Exercise aim = Starting at the line containing "Rajwada Light Green" and ending at the line containing "Adriana Delafield Floral", transcribe the listing below exactly. Keep both end lines, skip the pictures, and copy nothing else.

Input material =
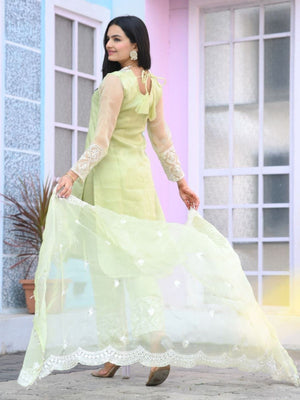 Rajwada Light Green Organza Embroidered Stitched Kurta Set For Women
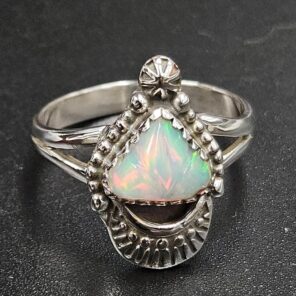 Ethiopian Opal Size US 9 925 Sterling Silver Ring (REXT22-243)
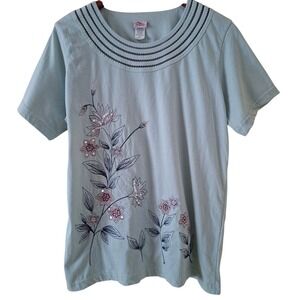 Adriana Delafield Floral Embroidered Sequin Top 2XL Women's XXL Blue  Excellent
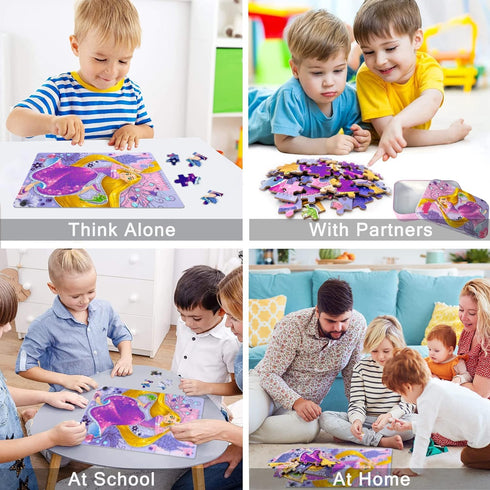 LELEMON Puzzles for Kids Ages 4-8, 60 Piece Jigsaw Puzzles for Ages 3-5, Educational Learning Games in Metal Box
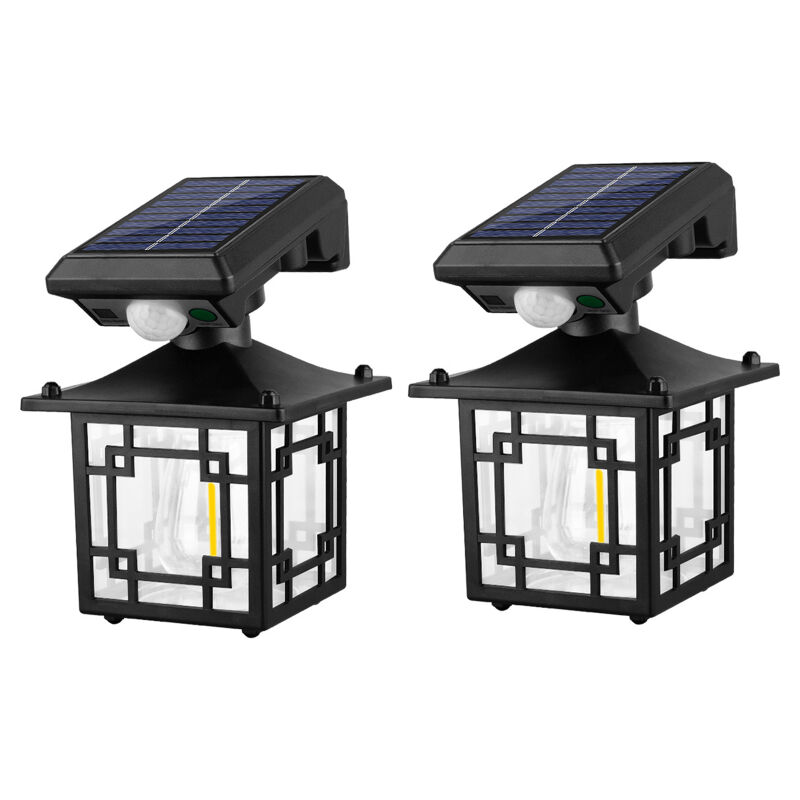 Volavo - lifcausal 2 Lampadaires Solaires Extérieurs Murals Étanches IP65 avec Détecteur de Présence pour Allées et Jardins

==

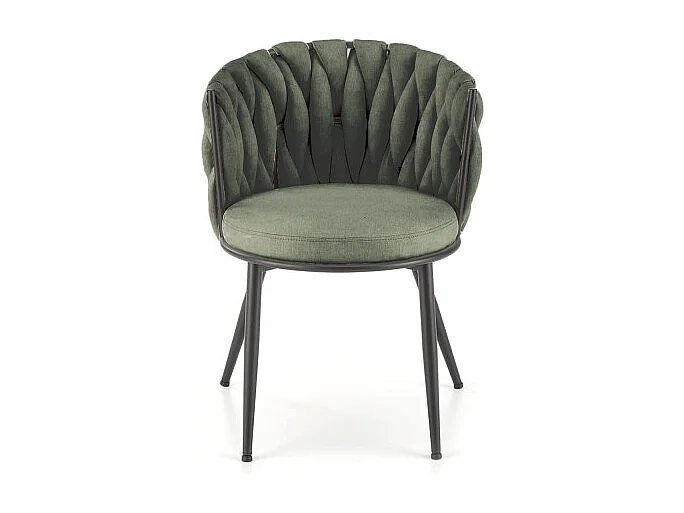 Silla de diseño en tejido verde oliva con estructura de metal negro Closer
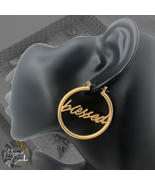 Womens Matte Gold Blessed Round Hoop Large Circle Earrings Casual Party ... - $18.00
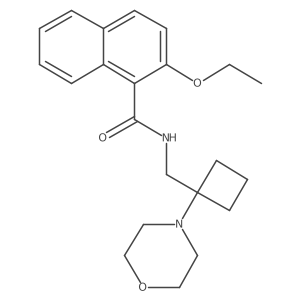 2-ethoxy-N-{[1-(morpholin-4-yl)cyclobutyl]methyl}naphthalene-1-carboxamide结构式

Answer space =
 Rajwada Light Green Organza Embroidered Stitched Kurta Set For Women
 Ethiopian Opal Size US 9 925 Sterling Silver Ring (REXT22-243)
 Adriana Delafield Floral Embroidered Sequin Top 2XL Women's XXL Blue  Excellent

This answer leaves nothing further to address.